EU leaders have agreed in principle to extend Brexit until 31 January 2020 – meaning the UK will not leave as planned on Thursday.

EU Council President Donald Tusk said it was a “flextension” – meaning the UK could leave before the deadline if a deal was approved by Parliament.

It comes as MPs prepare to vote on proposals by Boris Johnson for an early general election on 12 December.

The SNP and Lib Dems have also proposed an election on 9 December.

The government has not ruled out getting behind that proposal date, if it fails to get its preferred date through the Commons later.

The UK was due to leave the EU on Thursday, but Mr Johnson was required to request an extension after Parliament failed to agree a Brexit deal.

The prime minister had repeatedly said the UK would leave on 31 October deadline with or without a deal, but the law – known as the Benn Act – requires him to accept the EU’s extension offer.

Boris Johnson’s “do or die” pledge to leave by 31 October is no more – it is dead.

Many will see this as a no-deal Brexit being taken off the table, at least until 31 January.

So it will increase the arguments in the Commons that with no-deal parked, Parliament now has to make a decision on an election.


And that is what Mr Johnson will be trying to argue over the next few days.

For the PM, there is a risk of calling an election without Brexit being resolved, as he may be punished for it at the ballot box.

So, while it buys more time, it also creates an element uncertainty for the prime minister.

He will now campaign for an election in the knowledge that he has failed in his signature policy which he campaigned for in the Conservative leadership election.

Mr Tusk will now seek the UK’s formal agreement to the decision, before formalising the extension through a written procedure among the 27 other EU nations.

An EU official said they hoped for the process to be concluded by Tuesday or Wednesday.

MPs are due to vote on the prime minister’s election call after 17:00 GMT.

Mr Johnson has said that if Parliament agreed to an election on 12 December, he will restart efforts to get his Withdrawal Agreement Bill – the legislation enacting the Brexit deal he struck with Brussels – into law.

The bill passed its first hurdle last week after MPs backed it at the second reading by a majority of 30.

But minutes later they voted against a timetable that would see it pass through Parliament in just three days, so the PM “paused” its progress.

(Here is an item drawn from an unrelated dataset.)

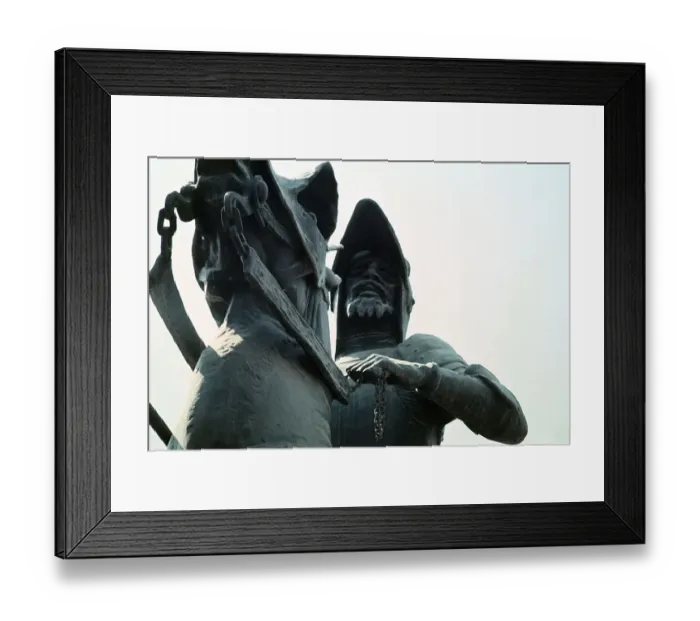 Framed Print : San Marcelo Church Framed Print : San Marcelo Church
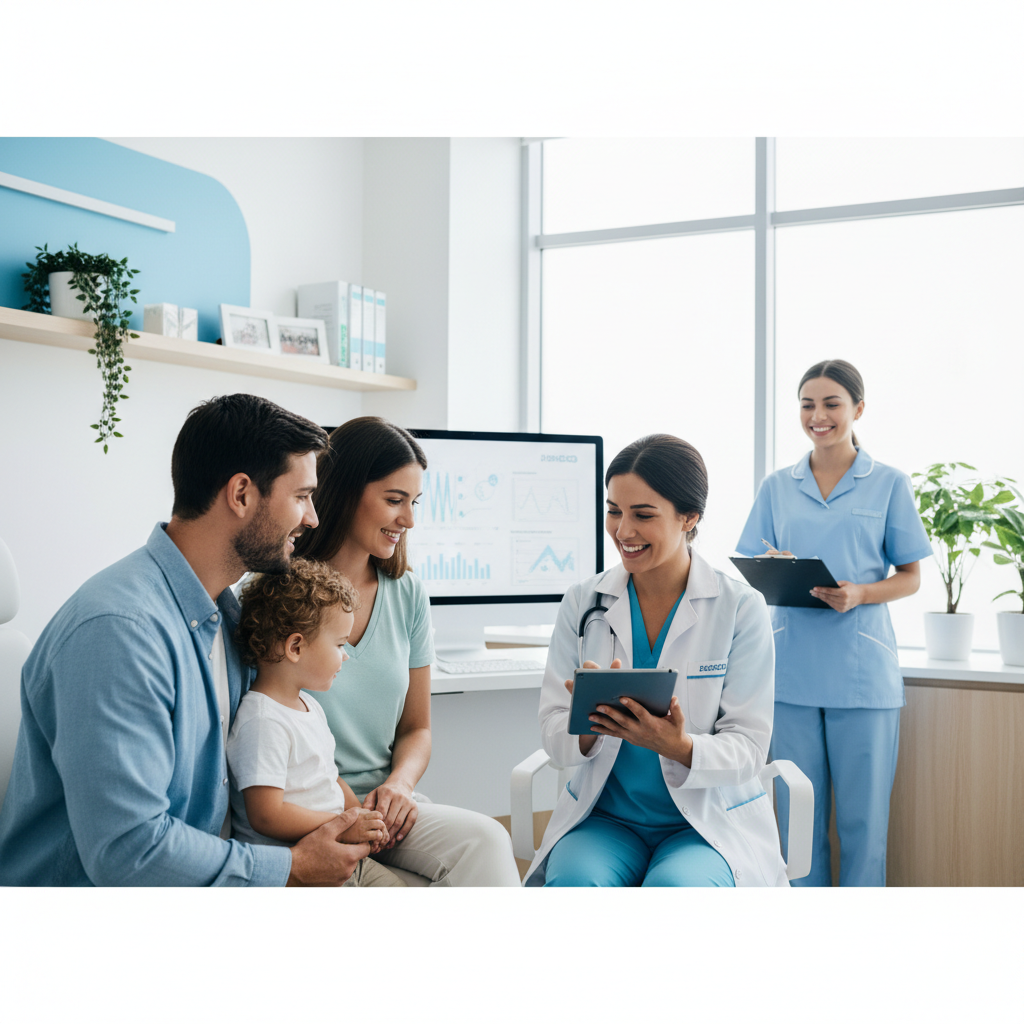 Imagem ilustrativa sobre Como Funciona a Cobertura do Plano de Saúde Ambulatorial no Dia a Dia - plano de saúde ambulatorial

Labour has repeatedly said it will not back an early general election until a no-deal Brexit is taken off the table. The party was predicted to abstain in Monday’s vote, effectively killing off the chances of it becoming law.

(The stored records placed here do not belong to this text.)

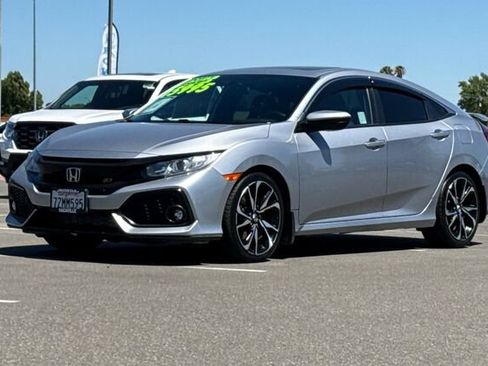 Used 2017 Honda Civic Si image 8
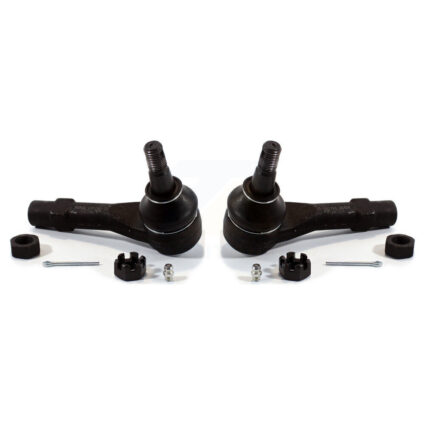 Front Outer Tie Rod End Pair For Ford Ranger Explorer Mazda B4000 B3000 B2300 B2500 K72-101340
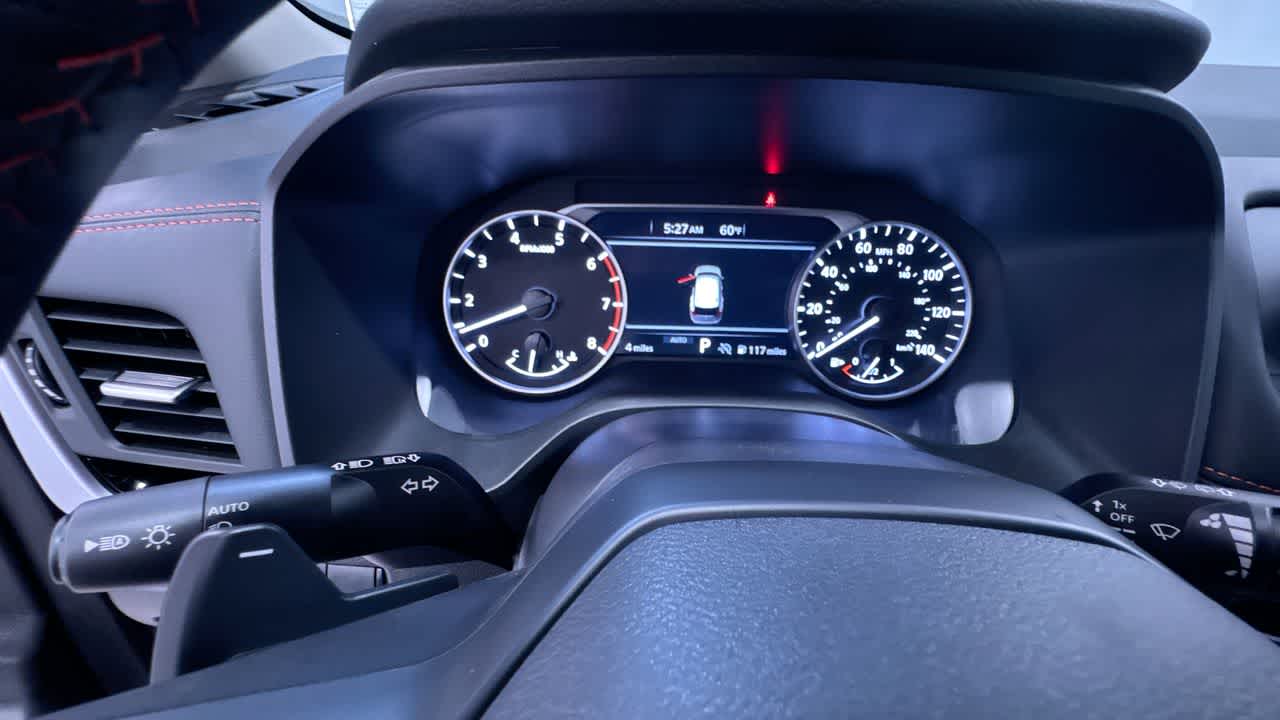 new 2026 Nissan Rogue car, priced at $34,464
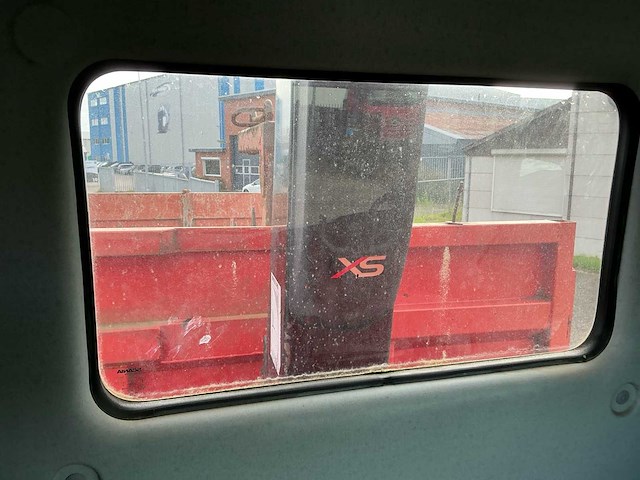 2009 scania g420 kieper vrachtwagen met kraan - afbeelding 38 van  41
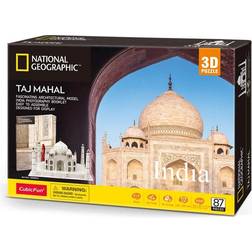 CubicFun Taj Mahal India 87 Pieces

The SNP also says it will also block the government’s election attempt.

But it has broken with the Labour position and joined forces with the Liberal Democrats to push for an election on 9 December, provided there is an extension.

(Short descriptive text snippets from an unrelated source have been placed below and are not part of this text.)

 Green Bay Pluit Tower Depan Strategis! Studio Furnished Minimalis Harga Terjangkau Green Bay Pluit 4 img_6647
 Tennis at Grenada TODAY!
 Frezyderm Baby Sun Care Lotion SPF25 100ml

The SNP and Lib Dems have proposed a bill that would tweak the Fixed-term Parliaments Act 2011 – the law which sets the time-frame for elections.

If passed, it would enable an election to take place with only a majority of one, rather than two-thirds of MPs.

Asked about the Lib Dem/SNP proposal, Education Secretary Gavin Williamson said the government would “always look at every single option”.

But he told BBC Breakfast: “The best way is to vote for the motion tonight. This Parliament is totally broken. Let the people decide the next step forward.”

MPs have already twice rejected a call from the PM to hold a general election.